Mary is Ashley and Luke’s Guardian ad Litem and promises to “‘represent your best interests in court’” (115). Her role in the book is relatively small, but her impact on Ashley’s and Luke’s lives is huge. In fact, it is years before Ashley realizes “everything she had accomplished on Luke’s and my behalf” (118). She is the first person to ask, “‘What can I do for you?’” (115), something that Ashley previously never truly considered. However, the most significant thing Mary does for Ashley is to ask lawyers “to begin termination proceedings for Dusty Grover’s rights to Luke and my mother’s rights to me” (118-19). When Lorraine signs away her legal claim to Ashley rather than take another drug test, it is Mary who tells Ashley, in a voice that is “both tender and firm,” that she will never live with her mother because “‘she can’t take care of you’” (126). Although this is difficult and upsetting for Ashley, Mary’s tough decision to pursue this course finally allows her to stop clinging to her unreliable mother and to open up to the possibility of finding security and maternal love from another source.

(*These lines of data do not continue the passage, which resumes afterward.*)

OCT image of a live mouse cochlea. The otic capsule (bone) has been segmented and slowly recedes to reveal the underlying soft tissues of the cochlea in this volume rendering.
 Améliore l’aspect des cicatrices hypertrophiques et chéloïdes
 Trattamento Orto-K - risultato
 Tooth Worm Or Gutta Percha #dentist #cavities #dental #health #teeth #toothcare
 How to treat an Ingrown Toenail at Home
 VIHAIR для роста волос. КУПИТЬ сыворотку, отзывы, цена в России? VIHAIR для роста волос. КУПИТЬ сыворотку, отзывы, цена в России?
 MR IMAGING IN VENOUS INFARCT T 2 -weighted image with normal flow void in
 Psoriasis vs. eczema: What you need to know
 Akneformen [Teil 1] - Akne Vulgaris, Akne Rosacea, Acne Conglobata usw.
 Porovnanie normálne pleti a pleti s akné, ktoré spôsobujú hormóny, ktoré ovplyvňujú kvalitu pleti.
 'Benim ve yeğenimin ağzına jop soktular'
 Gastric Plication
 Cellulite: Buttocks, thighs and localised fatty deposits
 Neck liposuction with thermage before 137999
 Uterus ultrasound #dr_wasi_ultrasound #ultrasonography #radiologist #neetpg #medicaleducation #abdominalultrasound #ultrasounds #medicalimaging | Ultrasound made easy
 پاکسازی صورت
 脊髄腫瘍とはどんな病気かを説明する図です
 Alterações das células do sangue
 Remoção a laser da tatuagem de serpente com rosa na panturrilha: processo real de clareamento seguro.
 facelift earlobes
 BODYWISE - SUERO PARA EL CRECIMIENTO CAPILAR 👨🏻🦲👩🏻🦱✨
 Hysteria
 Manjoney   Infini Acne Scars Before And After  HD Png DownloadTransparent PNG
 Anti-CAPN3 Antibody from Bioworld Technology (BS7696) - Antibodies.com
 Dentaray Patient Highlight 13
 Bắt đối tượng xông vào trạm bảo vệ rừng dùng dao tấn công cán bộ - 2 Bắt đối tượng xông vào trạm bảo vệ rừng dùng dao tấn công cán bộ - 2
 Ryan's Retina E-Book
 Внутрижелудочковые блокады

When Ashley first meets and then moves in with the Courters, she struggles to trust them. Having faced such instability and neglect, she believes that her new situation is too good to be true and that Phil and Gay will eventually withdraw their love and support. In fact, she spends a lot of time “wondering what I [will] have to do wrong for the Courters to send me back” (208) so that she can bring about what she sees as the inevitable disappointment. However, the Courters are patient with her, never pushing her to accept them or open up to their love. Gay reassures her that “‘[i]t’s okay not to love us’” and acknowledges that “‘[t]here is nothing we can say to make you believe that we’ll be here for you. You will only learn it by living with us year after year after year’” (194). Phil and Gay’s sons, Josh and Blake, also offer her reassurance and acceptance, telling her that they “‘want to be your brothers’” and that that means “‘we are always going to support you’” (207). Gay even understands why Ashley pushes her away, explaining that “‘you resist my nurturing because all those other mothers—especially your birth mother—failed to care for you’” (217). Through this understanding, kindness, and patient love, Ashley begins to let down her defenses until she finds that she has “broken through a wall—one I had carefully constructed over many years” (259) and is able to love and trust the Courters. They give her a gift of a music box that plays “You Are My Sunshine” on “the sixth anniversary of my adoption” (297) when she completes the first draft of the book. Listening to the song, “[s]omething very tight and very deep inside me snap[s]. Tears [spurt] unexpectedly,” and for the first time Ashley truly feels “something I [have] never known before: Home” (297).